Nickolette Driesse - Driesse is another draft pick for the Pride, a midfielder who played in college at both Florida State and Penn State, and she has the distinction of having won national titles with both universities. She accumulated 20 assists and six goals in her collegiate career, and the Pride coaching staff identified her passing game as a key asset they hope can translate to the NWSL. Creating opportunities for more scoring will be important to helping the Pride improve upon their 2016 record.

Rachel Hill - Rachel Hill was acquired from the Portland Thorns, who selected her from UConn in the 2017 NWSL Draft. Hill was a forward at UConn, where she scored 61 goals and had 18 assists in four years. She was also a two-time finalist for the MAC Herman Trophy. Hill represents another scoring threat for the Pride in the 2017 season. While adding more players with USWNT experience, I am glad to see more young players on the roster who can fill in if those players get called away for international camps.

Alanna Kennedy - Australian national team defender Alanna Kennedy comes to the Orlando Pride from the Carolina Courage (formerly the Western  New York Flash) in a trade for Sam Wittenman. In addition to winning an NWSL championship with Western New York, Kennedy was on the Austrailian roster for the 2015 World Cup and the 2016 Rio Olympics, where she appeared with fellow Pride members Laura Alleway and Steph Catley.

Chioma Ubogagu - Ubogagu comes to the Pride from the Houston Dash as another forward. In addition to playing in the NWSL, she has played in her native England with the Arsenal Ladies. She played with the Gunners in 2015, appearing in 21 matches and scoring seven goals. Ubogagu is another well-traveled member of the roster: though she was born in London, she holds American citizenship (her family is from Texas), and she has represented the USA at the U18, U20, and U23 levels in International play. 

Orlando City SC

The MLS side has also seen its share of new faces and surprising departures. The first news came to us during the MLS playoffs when we learned that contract options would not be exercised on six players, several of which have since been confirmed as not returning to the team: 

  • Defenders - Luke Boden, Tyler Turner
  • Midfielder - Pedro Ribeiro
  • Forward - Julio Baptista

But those were not the only departures from the club. In December it was announced that midfielder defender Mikey Ambrose had been taken by Atlanta United FC in the MLS Expansion draft, and Harrison Heath had been traded to Atlanta United FC for a 2019 draft pick. Then in January, Minnesota United FC bought the rights to original Lion Kevin Molino in one of the largest transfers in MLS history. That's not a complete surprise since former Orlando City head coach Adrian Heath is at the helm in Minnesota now, and the move re-unites Molino and his old coach.

While losing Kevin Molino is something I was personally sad to see because of the production and experience he added in 2016, there are plenty of new faces for Orlando City fans to learn about and follow in the coming year.

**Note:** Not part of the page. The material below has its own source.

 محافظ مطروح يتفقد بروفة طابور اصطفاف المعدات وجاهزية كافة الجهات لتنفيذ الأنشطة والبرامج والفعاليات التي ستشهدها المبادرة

Danny Deakin - Deakin is an attacking midfielder whom the team selected in the third round in the 2017 MLS Super Draft. Deakin grew up in Sheffield, England, and played collegiately for two years with NCAA Division II team Mercyhurst. For his final two years in college he played with the University of South Carolina, and then played professionally in 2016 for the NPSL side Detroit City FC, where he appeared in nine matches, starting in seven, and had one goal and two assists.

Victor "PC" Giro - Brazilian left back Giro signed with Orlando City from the NASL/USL side Tampa Bay Rowdies, who traded him for experienced Orlando City player Luke Boden. While I've appreciated Boden's accuracy on the ball, especially on set pieces, I've been a bit frustrated with the fact that most MLS strikers are too speedy for him to cover. Hopefully Giro will provide some additional speed on the defensive side of the ball, but we will have to see if he can match Boden's accuracy in distributing the ball to teammates.

Will Johnson - Johnson is a ten-year MLS veteran who has won MLS Cups with Jason Kreis in Real Salt Lake and with the Portland Timbers in 2015. Most recently, Johnson played the 2016 season with Toronto FC. He signs with Orlando City as a forward/midfielder, and figures to bolster the club's attacking presence on the pitch. Scoring more goals will be vital to Orlando City, as they have finished just a point out of the playoff race in their first two MLS seasons, so improving goal differential and scoring more points will help get them "over the hump."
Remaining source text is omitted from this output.